Giving.
Giving.
Giving.
Giving.
The word has been tumbling around in my mind lately, pushing me, clawing at me, peeling away at layers I’ve tried to conceal. Unfortunately, I’ve struggled to shake the feeling that I’m simply tired of giving… That I’ve had enough of it all.
I hate this feeling. As humans, are we even allowed to entertain it? Certainly, I don’t think it’s fair that I do, yet it’s that time again when all I’ve been wishing for is to be able to pause a few areas of my life and just lay down to rest, with no pressure to give of my time, energy, faith, love, patience, effort, etc., to anyone or anything. None of that. A vacation from giving, if you will.
But as they say: we are our own worst enemies.

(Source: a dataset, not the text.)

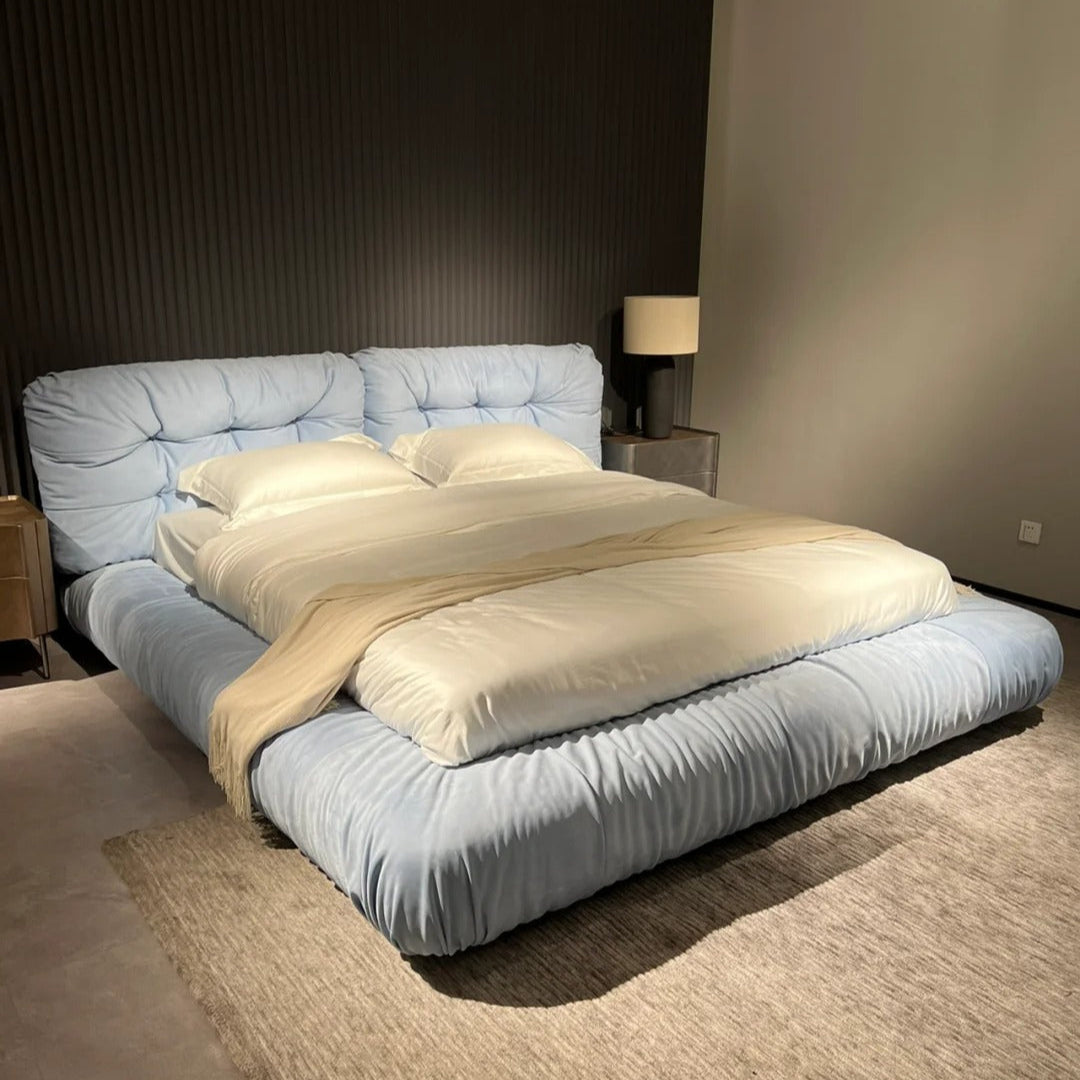 A luxurious beige upholstered Italian-style Cloud Bed with a high headboard and plush cushioning, resembling the softness of clouds.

In my mind, there is no possibility of rest. It’s simply not acceptable. I have to continue on, never stopping, never faltering, always giving and giving everything and all that others require of me, all the time, without ceasing. Why? Because the world doesn’t stop for anyone. The universe does not kid around; like it or not, good or bad, it won’t wait for you to get your shit together.
And so, I’m left torn between two equally important sides of myself: the one that needs to look out for me in order to survive, and the one that needs to do everything possible to save the world, or at minimum, help those around me and see them happy.
I guess the phrase I sometimes arrogantly and playfully toss around –“I will sleep when I’m dead”—has come back to bite me in the ass. Well deserved. Well. Deserved.
There’s really no resolution to this dilemma, as I’ve come to realize. And that will have to be OK. It’s life, and we will always be caught in some type of tug of war. Yet, more than that, what ultimately ends up inspiring me back into action are things like this:
Seeing their tremendous suffering does not make me feel any better about my own; it only helps to highlight the extreme amount of human misery that exists in this world. And, I know myself all too well: as long as there is any sort of human misery, I will be compelled to continue giving.
If not for me, then for them.
If not for my own rest, then for theirs.